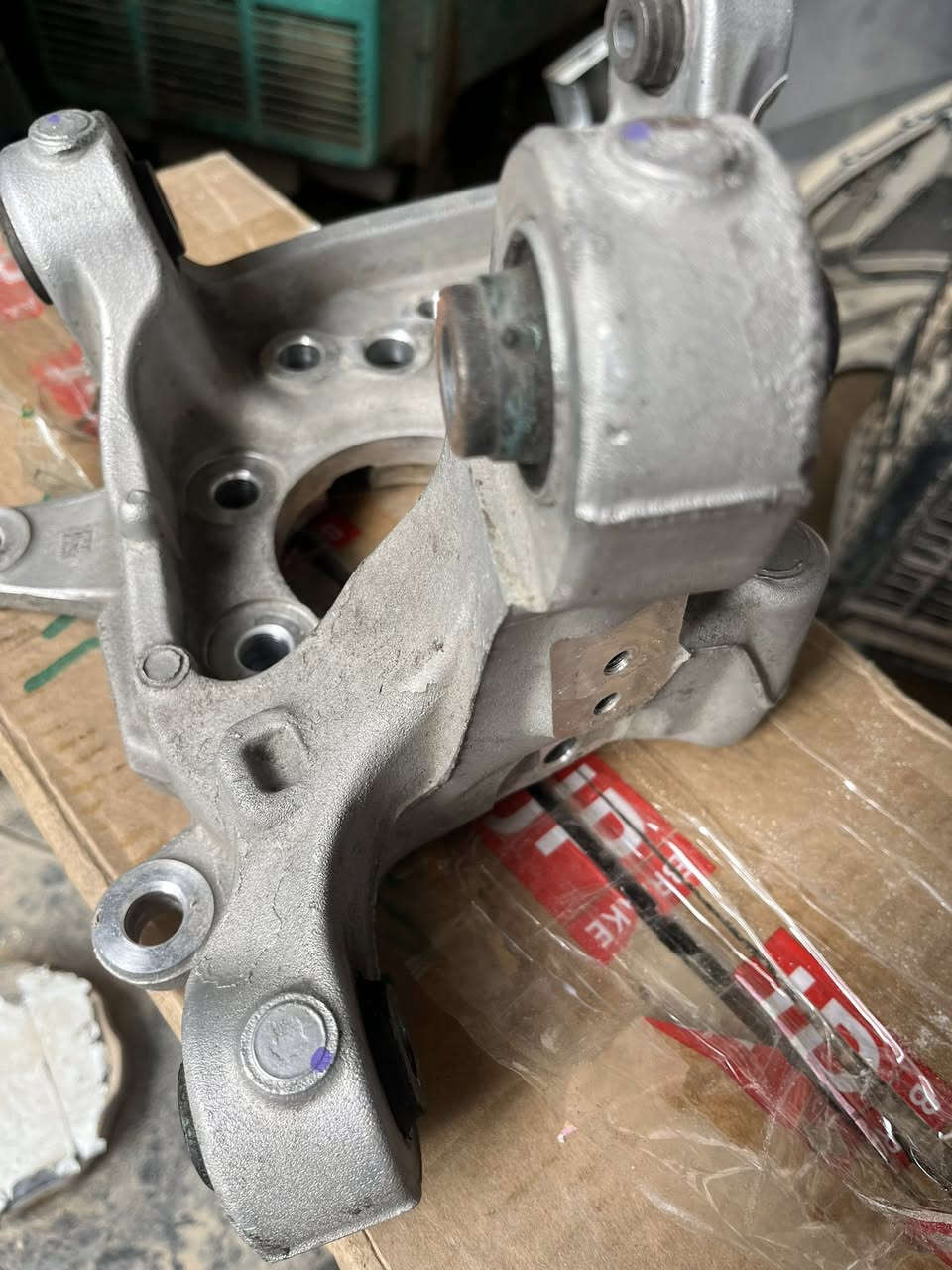 بولبرنات ماستر ابو باكيت الاسود الاصلي المرغوب
خلفي التيما 2019 وجوه وامامي رايديهن الواحد 50 صارن عليه 60 وصطاب اكسل التيما 2025 اخو جديد شركة سعره 60. اللي يريدهن كلهن او قطع يراسلنا خاص
يوجد توصيل 5 الاف


**إذا كنت صاحب هذا الإعلان وتريد حذفه لأي سبب، رجاءا أرسل رسالة إلى الدعم الفني**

> **Exercise details**: The expected answer is an unaltered copy of the listing, images removed.

> **Response area**:
 بولبرنات ماستر ابو باكيت الاسود الاصلي المرغوب
خلفي التيما 2019 وجوه وامامي رايديهن الواحد 50 صارن عليه 60 وصطاب اكسل التيما 2025 اخو جديد شركة سعره 60. اللي يريدهن كلهن او قطع يراسلنا خاص
يوجد توصيل 5 الاف


**إذا كنت صاحب هذا الإعلان وتريد حذفه لأي سبب، رجاءا أرسل رسالة إلى الدعم الفني**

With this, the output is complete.